__What you have to do__.
Using the entries that follow, transcribe only the lines from the line with "Building Photo - 70 Benham St" to the line with "Louis Vuitton 路易威登", both included, exactly as they stand and without pictures.

---- Extracted data

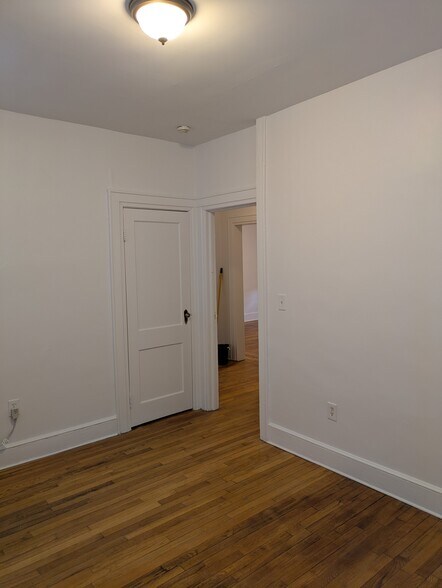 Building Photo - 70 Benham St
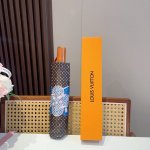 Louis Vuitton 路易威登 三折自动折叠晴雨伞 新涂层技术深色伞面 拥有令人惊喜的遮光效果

--------
---- Extracted data

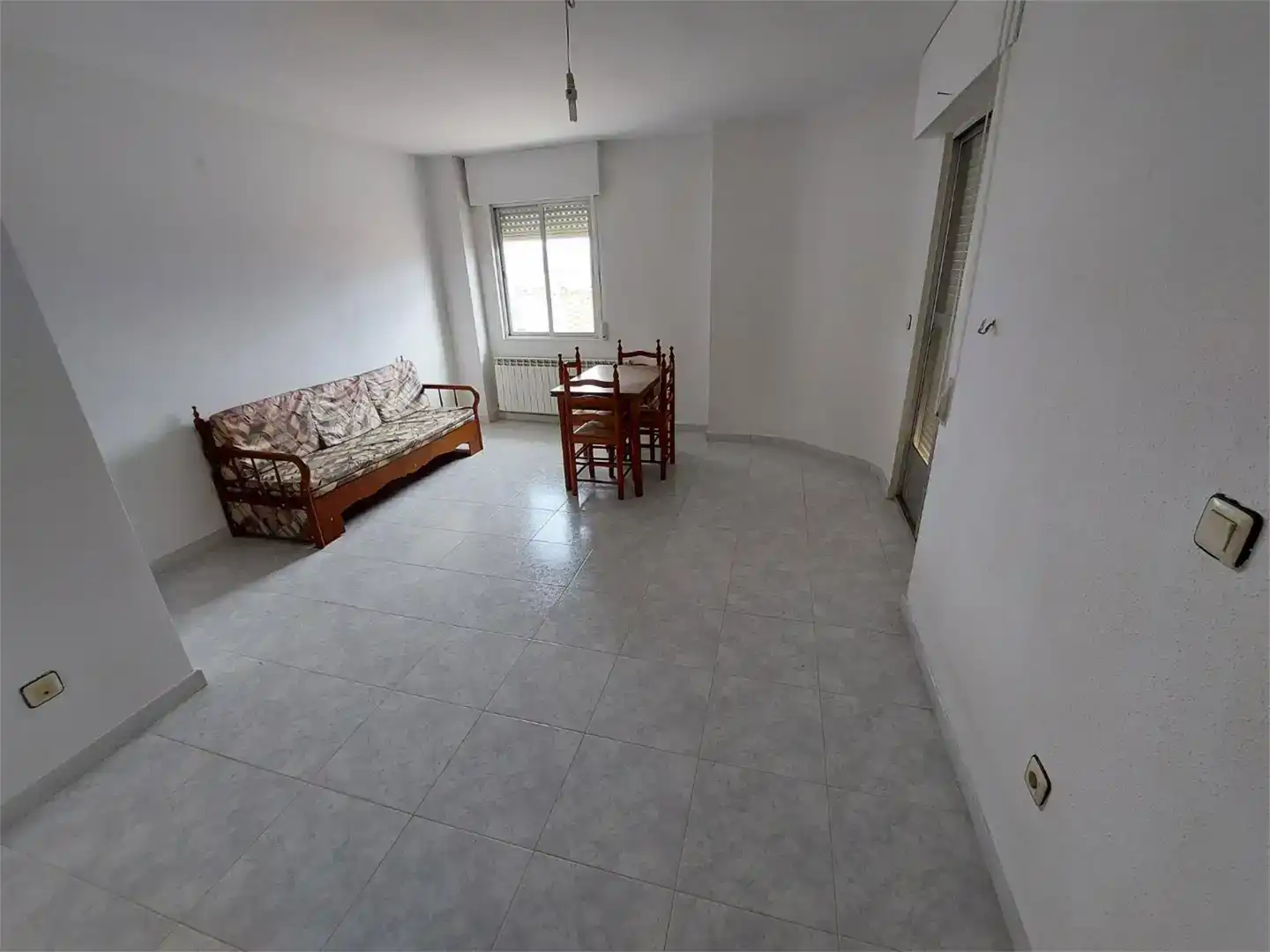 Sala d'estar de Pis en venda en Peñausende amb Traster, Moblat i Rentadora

--------

__Written response__.
 Building Photo - 70 Benham St
 Louis Vuitton 路易威登 三折自动折叠晴雨伞 新涂层技术深色伞面 拥有令人惊喜的遮光效果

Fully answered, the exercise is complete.